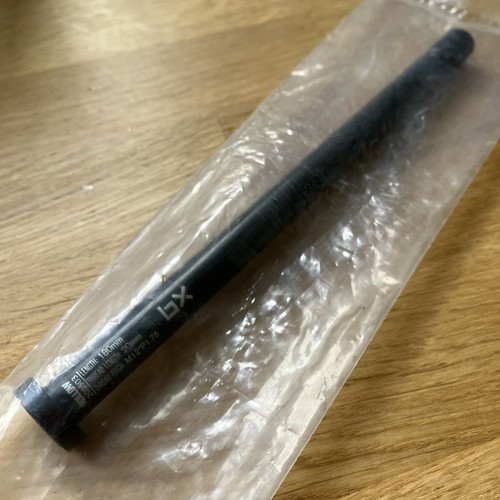 Brand rear thru axle - thru,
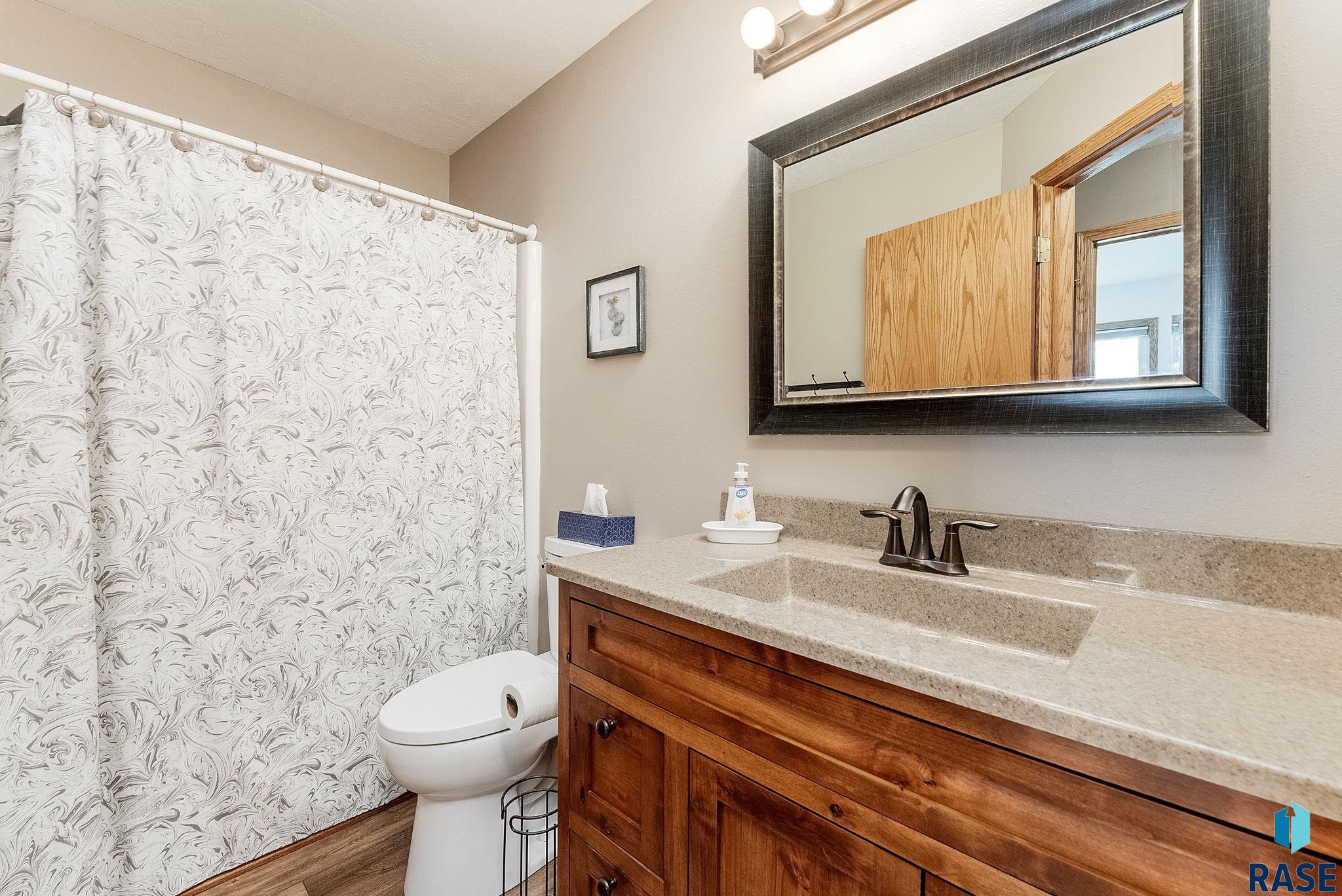 305 W Hackberry St Street, Brandon, New Jersey image 19
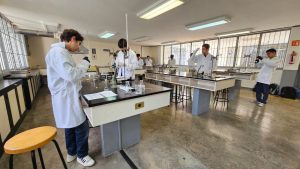 Estudiantes del Cecytem participan en la Olimpiada Nacional de Química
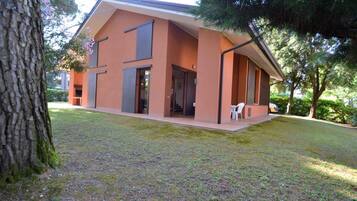 Villa, 3 camere da letto, patio, vista giardino | Esterni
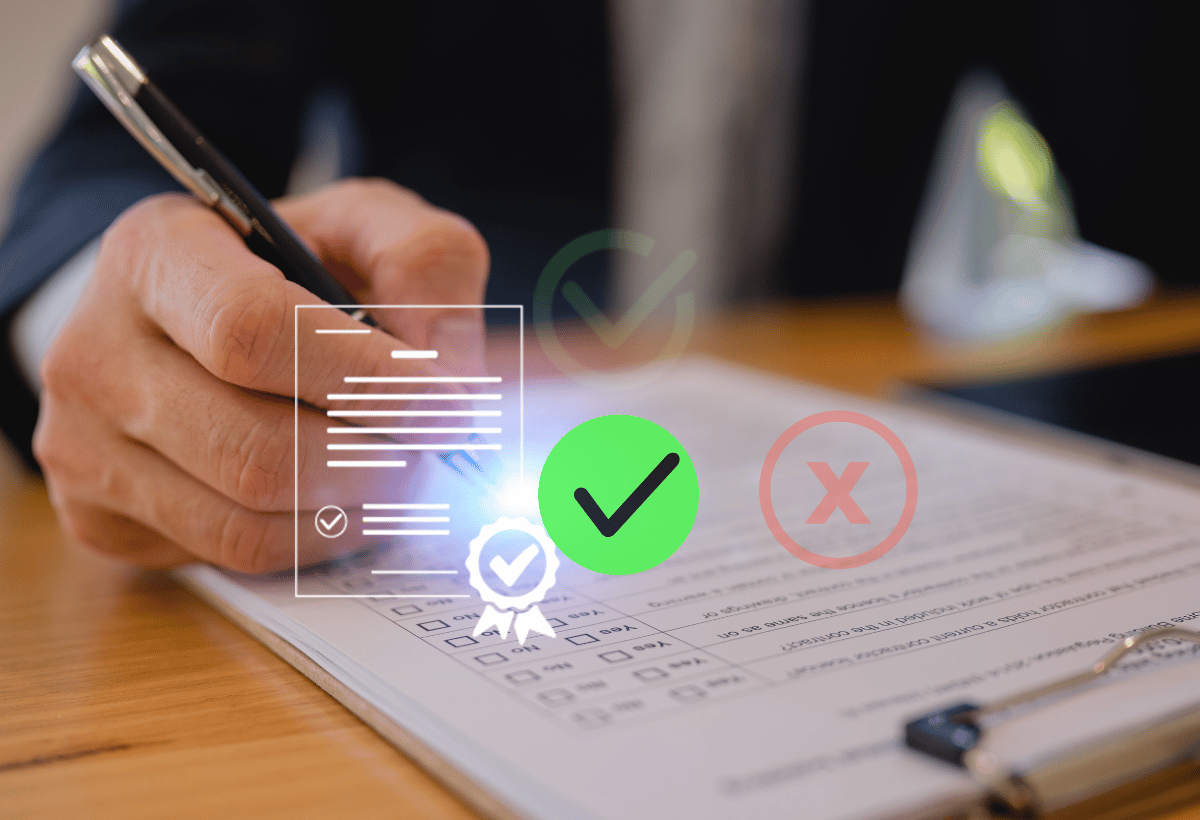 Pessoa assinando contrato com ícones de aprovação e check verde simbolizando prevenção jurídica.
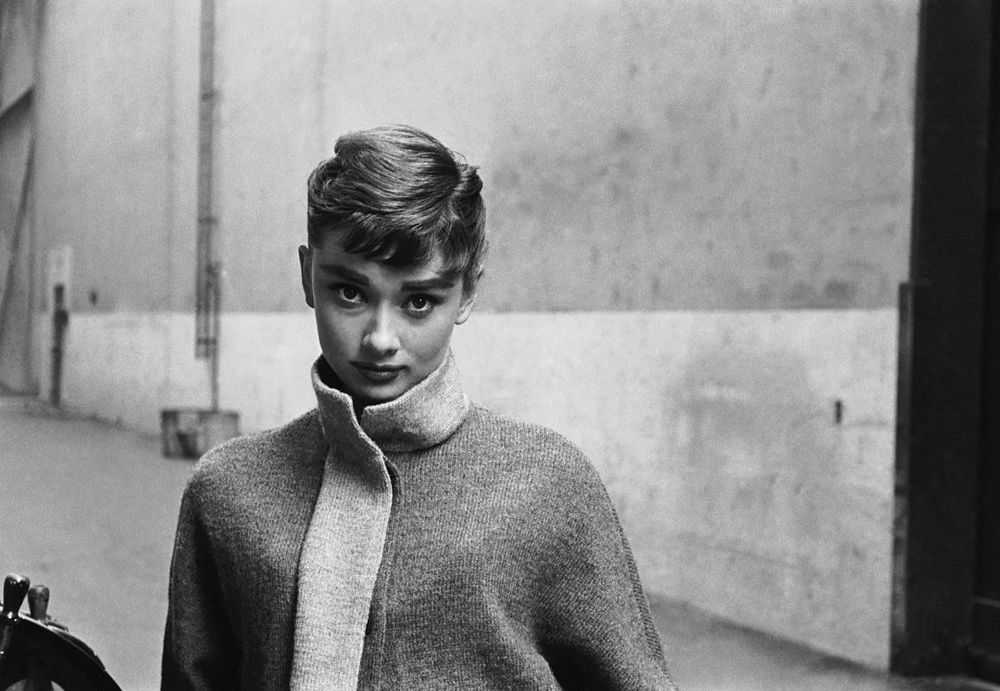 Mark Shaw, ‘Audrey Hepburn in Grey Turtleneck Sweater, Glances Right, 1953’, 1953, Print, Pigment print on Hahnemϋhle photo rag paper, null,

PROBLEM STATEMENT> In your copy of the data above, leave out the pictures and repeat everything else exactly.

YOUR RESPONSE>
 Brand rear thru axle - thru,
 305 W Hackberry St Street, Brandon, New Jersey image 19
 Estudiantes del Cecytem participan en la Olimpiada Nacional de Química
 Villa, 3 camere da letto, patio, vista giardino | Esterni
 Pessoa assinando contrato com ícones de aprovação e check verde simbolizando prevenção jurídica.
 Mark Shaw, ‘Audrey Hepburn in Grey Turtleneck Sweater, Glances Right, 1953’, 1953, Print, Pigment print on Hahnemϋhle photo rag paper, null,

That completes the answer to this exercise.